Ok. I'll drop this from v14 then. It can go separately, assuming there
is no move to add the raw lock which would negate it.
@@ -1678,10 +1678,13 @@ static int set_shinfo_evtchn_pending(struct kvm_vcpu *vcpu, u32 port)
unsigned long flags;
int rc = -EWOULDBLOCK;
- read_lock_irqsave(&gpc->lock, flags);
- if (!kvm_gpc_check(gpc, PAGE_SIZE))
+ local_irq_save(flags);
+ if (!read_trylock(&gpc->lock))
goto out;
+ if (!kvm_gpc_check(gpc, PAGE_SIZE))
+ goto out_unlock;
+
if (IS_ENABLED(CONFIG_64BIT) && kvm->arch.xen.long_mode) {
struct shared_info *shinfo = gpc->khva;
@@ -1703,8 +1706,10 @@ static int set_shinfo_evtchn_pending(struct kvm_vcpu *vcpu, u32 port)
rc = 1; /* It is newly raised */
}
+ out_unlock:
+ read_unlock(&gpc->lock);
out:
- read_unlock_irqrestore(&gpc->lock, flags);
+ local_irq_restore(flags);
return rc;
}
@@ -1714,21 +1719,23 @@ static bool set_vcpu_info_evtchn_pending(struct kvm_vcpu *vcpu, u32 port)
struct gfn_to_pfn_cache *gpc = &vcpu->arch.xen.vcpu_info_cache;
unsigned long flags;
bool kick_vcpu = false;
+ bool locked;
- read_lock_irqsave(&gpc->lock, flags);
+ local_irq_save(flags);
+ locked = read_trylock(&gpc->lock);
/*
* Try to deliver the event directly to the vcpu_info. If successful and
* the guest is using upcall_vector delivery, send the MSI.
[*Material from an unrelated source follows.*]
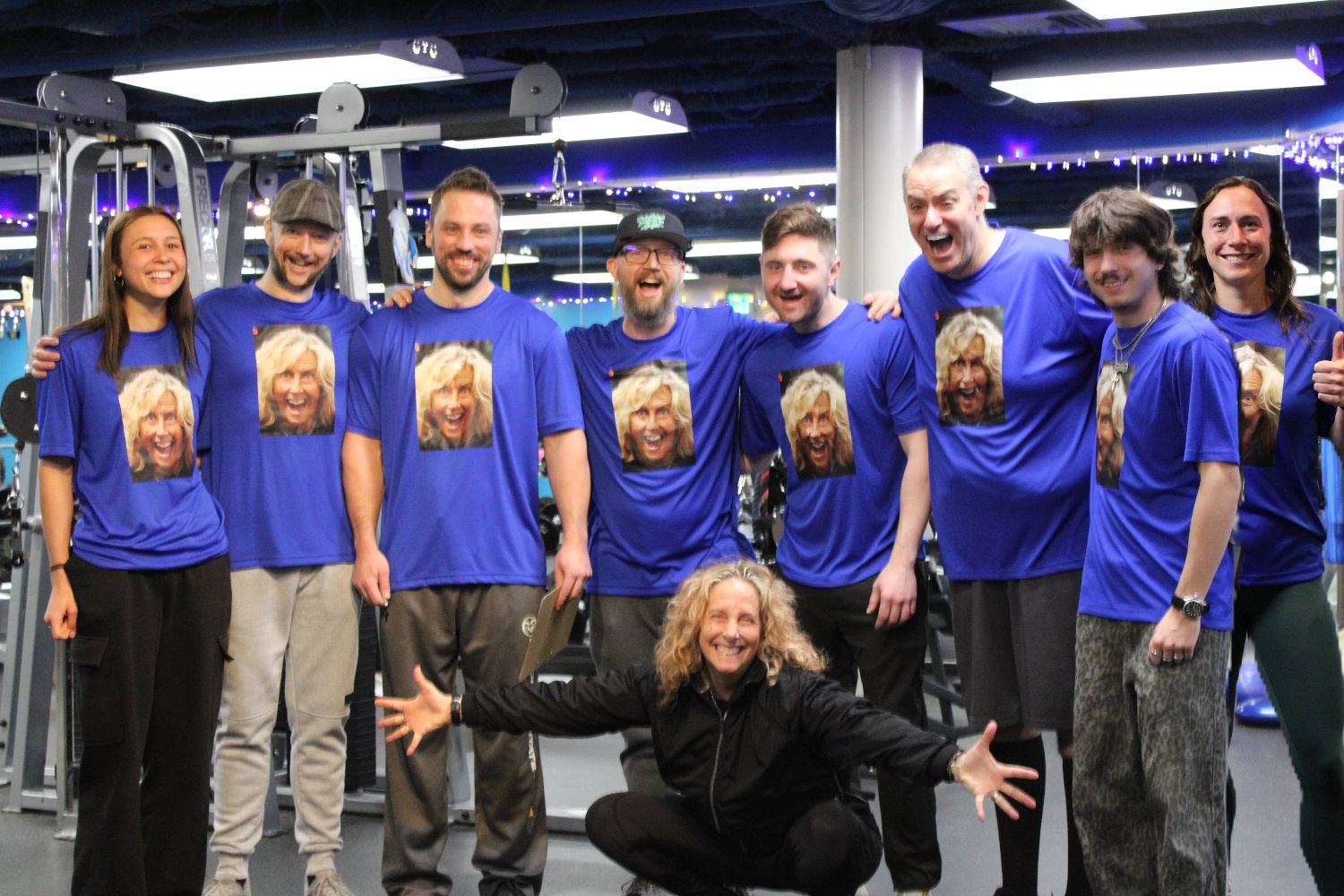The ONE Boulder Fitness trainers on the gym floor, laughing in matching shirts printed with owner Karie’s face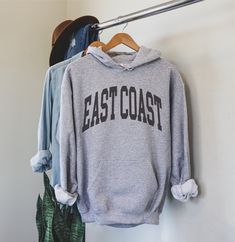 Minimalist East Coast Hoodie, East Coast Fan Crewneck Sweatshirt, boho East Coast Sweatshirt, East Coast Gift, College Student gift ◦ ◦ ◦ ◦ ◦ size and material ◦ ◦ ◦ ◦ ◦ ◦ RUNS TRUE TO SIZE ◦ PLEASE SIZE UP FOR A RELAXED FIT ◦ IF YOU WANT AN OVERSIZED LOOK PICK A SWEATSHIRT THAT IS 2-3 SIZES LARGER THAN YOUR USUAL SIZE ◦ ◦ UNISEX ◦ Gildan brand ◦ 50% cotton, 50% polyester ◦ Without side seams ◦ Spacious pockets ◦ ◦ ◦ ◦ ◦ care instructions ◦ ◦ ◦ ◦ ◦ ◦ Machine wash: warm (max 40C or 105F);  ◦ Blea Charles Bukowski, Unisex Sweater, Bukowski, Oahu Hawaii, Minsk, Limassol, Nashville Tennessee, Pullover Shirt, Laguna Beach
- * If the pfncache is invalid, set the shadow. In this case, or if the
- * guest is using another form of event delivery, the vCPU must be
- * kicked to complete the delivery.
+ * If the pfncache lock is contended or the cache is invalid, set the
+ * shadow. In this case, or if the guest is using another form of event
+ * delivery, the vCPU must be kicked to complete the delivery.
*/
if (IS_ENABLED(CONFIG_64BIT) && kvm->arch.xen.long_mode) {
struct vcpu_info *vcpu_info = gpc->khva;
int port_word_bit = port / 64;
- if (!kvm_gpc_check(gpc, sizeof(*vcpu_info))) {
+ if ((!locked || !kvm_gpc_check(gpc, sizeof(*vcpu_info)))) {
if (!test_and_set_bit(port_word_bit, &vcpu->arch.xen.evtchn_pending_sel))
kick_vcpu = true;
goto out;
@@ -1742,7 +1749,7 @@ static bool set_vcpu_info_evtchn_pending(struct kvm_vcpu *vcpu, u32 port)
struct compat_vcpu_info *vcpu_info = gpc->khva;
int port_word_bit = port / 32;
- if (!kvm_gpc_check(gpc, sizeof(*vcpu_info))) {
+ if ((!locked || !kvm_gpc_check(gpc, sizeof(*vcpu_info)))) {
if (!test_and_set_bit(port_word_bit, &vcpu->arch.xen.evtchn_pending_sel))
kick_vcpu = true;
goto out;
@@ -1761,7 +1768,10 @@ static bool set_vcpu_info_evtchn_pending(struct kvm_vcpu *vcpu, u32 port)
}
out:
- read_unlock_irqrestore(&gpc->lock, flags);
+ if (locked)
+ read_unlock(&gpc->lock);
+
+ local_irq_restore(flags);
return kick_vcpu;
}